<<<<

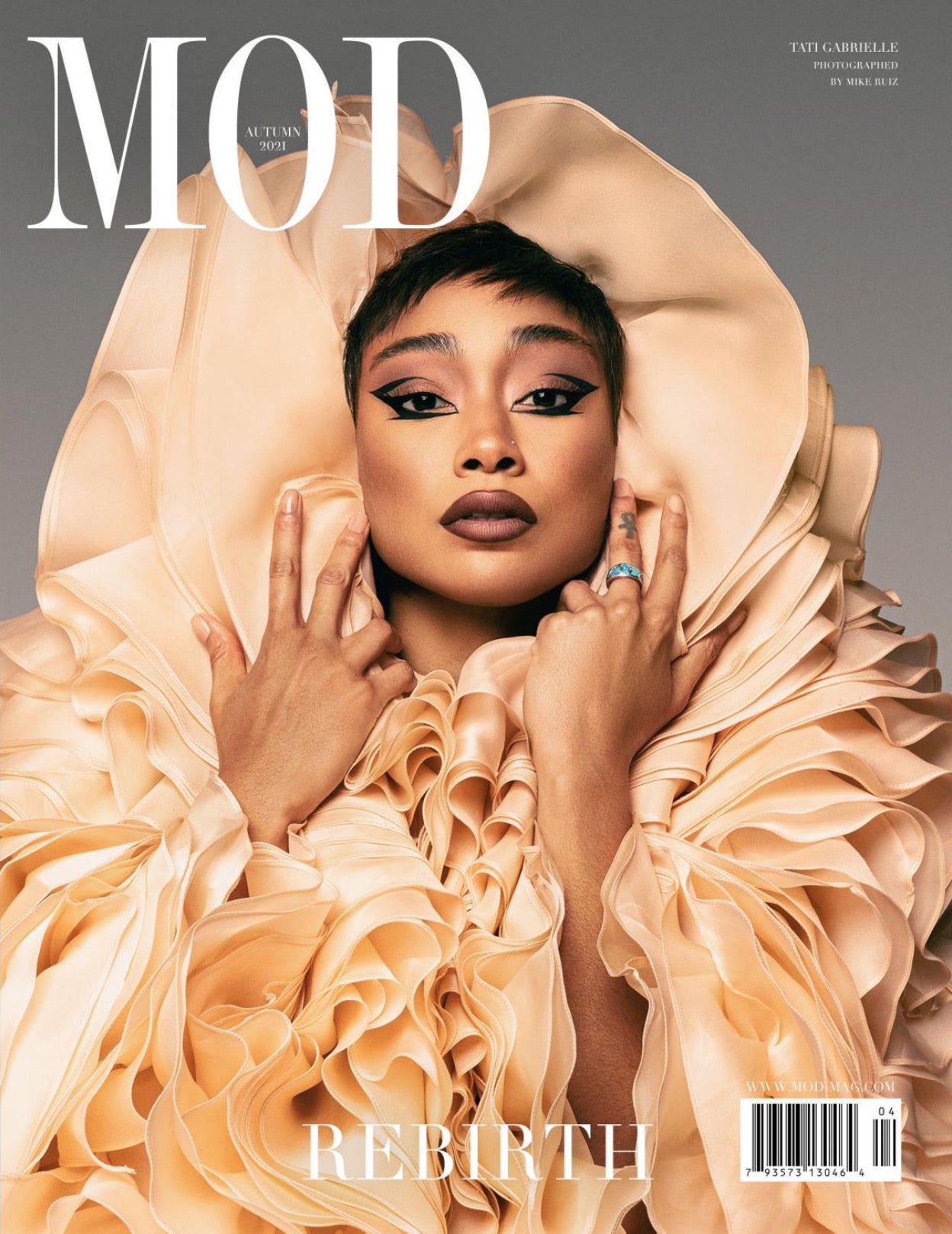Actress Tati Gabrielle on the Cover of Mod Magazine in Mimi Plange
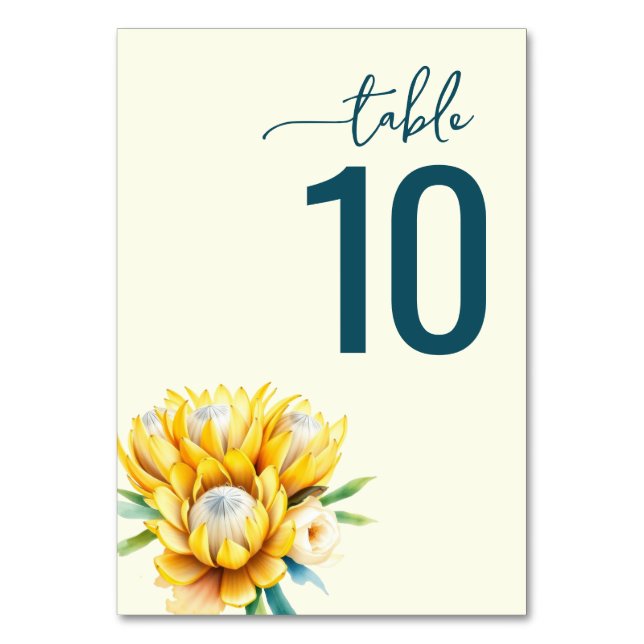 Sofortiges Teal-Blumen-Nummernschild Tischnummer (Vorderseite)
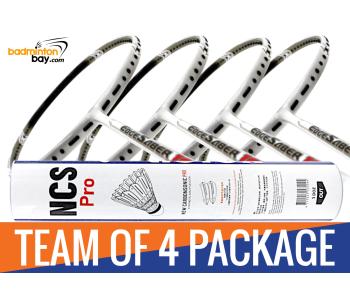 Team Package: 1 Tube Victor NCS Pro Synthetic Feather Shuttlecocks + 4 Rackets - Apacs EdgeSaber 10 White Badminton Racket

>>>>

| Requirement |
Leave out the pictures, then return every line of the data exactly.

| Completed task |
Actress Tati Gabrielle on the Cover of Mod Magazine in Mimi Plange
 Sofortiges Teal-Blumen-Nummernschild Tischnummer (Vorderseite)
 Team Package: 1 Tube Victor NCS Pro Synthetic Feather Shuttlecocks + 4 Rackets - Apacs EdgeSaber 10 White Badminton Racket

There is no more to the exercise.